WHAT NEEDS TO BE DONE:
Could you restate, word for word, the line that has "Black_Sea_Mammals_Cetaceans_960 Composite figure" and all lines following it through the end of the entries below?

Dataset entries:
- - - - - - -

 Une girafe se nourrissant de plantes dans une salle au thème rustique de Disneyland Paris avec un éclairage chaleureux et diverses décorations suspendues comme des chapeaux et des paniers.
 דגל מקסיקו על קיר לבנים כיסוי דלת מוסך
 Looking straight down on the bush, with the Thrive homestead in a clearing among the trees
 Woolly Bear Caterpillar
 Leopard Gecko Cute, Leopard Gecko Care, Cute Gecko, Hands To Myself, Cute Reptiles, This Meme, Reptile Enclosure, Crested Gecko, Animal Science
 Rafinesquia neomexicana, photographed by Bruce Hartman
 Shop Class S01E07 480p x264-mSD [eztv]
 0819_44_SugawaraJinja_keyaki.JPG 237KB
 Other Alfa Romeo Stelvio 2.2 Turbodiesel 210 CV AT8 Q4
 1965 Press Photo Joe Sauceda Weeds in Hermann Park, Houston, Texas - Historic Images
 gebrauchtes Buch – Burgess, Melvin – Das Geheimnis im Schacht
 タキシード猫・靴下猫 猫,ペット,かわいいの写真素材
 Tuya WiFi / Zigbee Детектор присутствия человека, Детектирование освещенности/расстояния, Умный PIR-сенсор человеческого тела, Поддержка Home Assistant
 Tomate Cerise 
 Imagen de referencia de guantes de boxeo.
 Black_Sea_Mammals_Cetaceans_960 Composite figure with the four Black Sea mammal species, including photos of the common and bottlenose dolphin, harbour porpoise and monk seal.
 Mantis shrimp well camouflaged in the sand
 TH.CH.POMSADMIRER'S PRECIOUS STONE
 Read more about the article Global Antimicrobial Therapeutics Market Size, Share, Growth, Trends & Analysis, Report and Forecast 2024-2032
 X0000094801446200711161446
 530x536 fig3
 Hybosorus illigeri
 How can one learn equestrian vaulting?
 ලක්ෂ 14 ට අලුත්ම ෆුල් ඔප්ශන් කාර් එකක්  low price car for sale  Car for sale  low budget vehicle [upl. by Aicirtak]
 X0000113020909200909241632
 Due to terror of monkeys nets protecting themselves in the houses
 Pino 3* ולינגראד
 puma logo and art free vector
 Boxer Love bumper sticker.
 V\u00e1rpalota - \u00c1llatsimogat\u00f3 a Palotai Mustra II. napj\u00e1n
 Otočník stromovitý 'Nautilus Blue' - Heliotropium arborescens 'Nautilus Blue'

- - - - - - -

YOUR RESPONSE:
 Black_Sea_Mammals_Cetaceans_960 Composite figure with the four Black Sea mammal species, including photos of the common and bottlenose dolphin, harbour porpoise and monk seal.
 Mantis shrimp well camouflaged in the sand
 TH.CH.POMSADMIRER'S PRECIOUS STONE
 Read more about the article Global Antimicrobial Therapeutics Market Size, Share, Growth, Trends & Analysis, Report and Forecast 2024-2032
 X0000094801446200711161446
 530x536 fig3
 Hybosorus illigeri
 How can one learn equestrian vaulting?
 ලක්ෂ 14 ට අලුත්ම ෆුල් ඔප්ශන් කාර් එකක්  low price car for sale  Car for sale  low budget vehicle [upl. by Aicirtak]
 X0000113020909200909241632
 Due to terror of monkeys nets protecting themselves in the houses
 Pino 3* ולינגראד
 puma logo and art free vector
 Boxer Love bumper sticker.
 V\u00e1rpalota - \u00c1llatsimogat\u00f3 a Palotai Mustra II. napj\u00e1n
 Otočník stromovitý 'Nautilus Blue' - Heliotropium arborescens 'Nautilus Blue'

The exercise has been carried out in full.